* **MATERIAL PROVIDED**
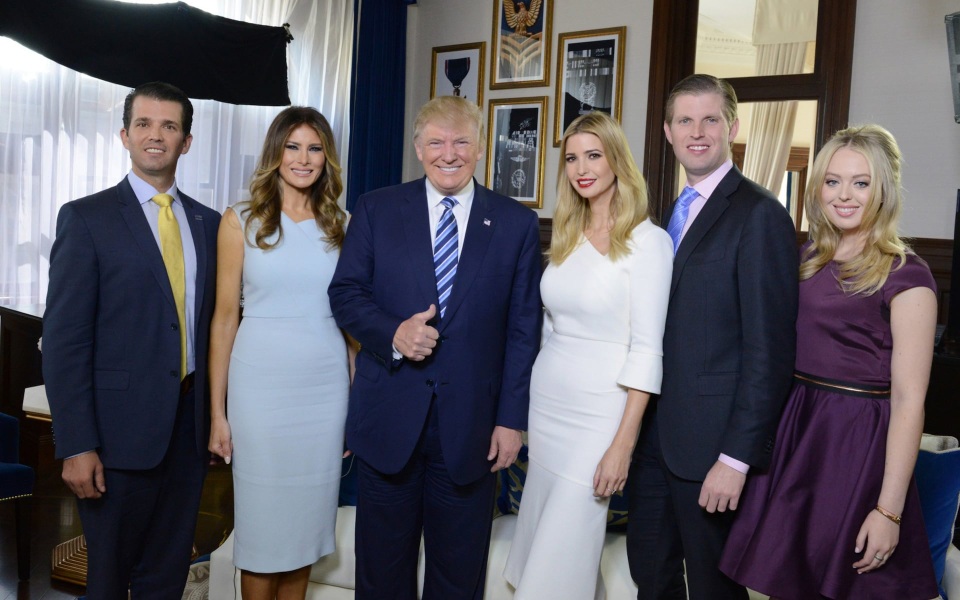 Tổng thống Trump gây bất ngờ với phái đoàn tháp tùng tới Anh - 1 Tổng thống Trump gây bất ngờ với phái đoàn tháp tùng tới Anh - 1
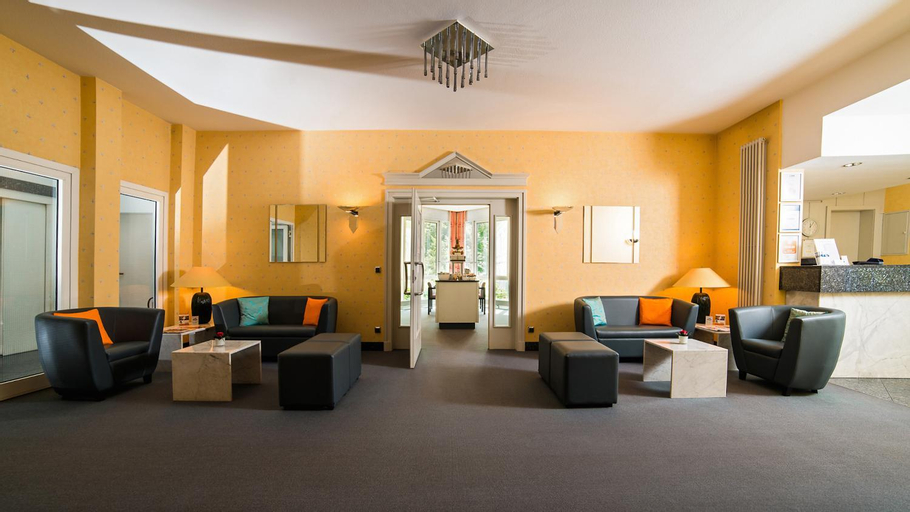 Public Area 2, Fontana Hotel Wiesbaden, Wiesbaden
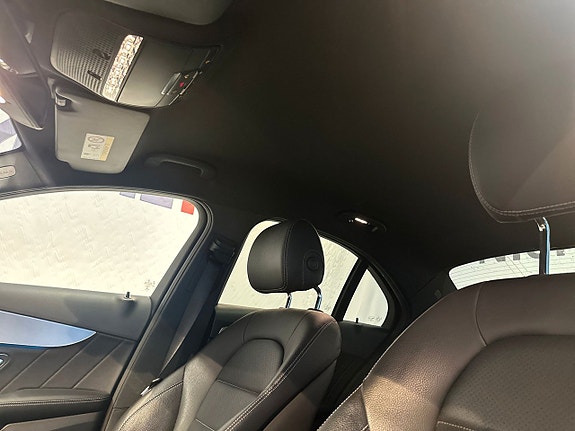 Mercedes-Benz C300 16 of 20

* **EXERCISE INSTRUCTIONS**
The answer must be the full listing above, copied exactly, with no pictures in it.

* **REPLY**
 Tổng thống Trump gây bất ngờ với phái đoàn tháp tùng tới Anh - 1 Tổng thống Trump gây bất ngờ với phái đoàn tháp tùng tới Anh - 1
 Public Area 2, Fontana Hotel Wiesbaden, Wiesbaden
 Mercedes-Benz C300 16 of 20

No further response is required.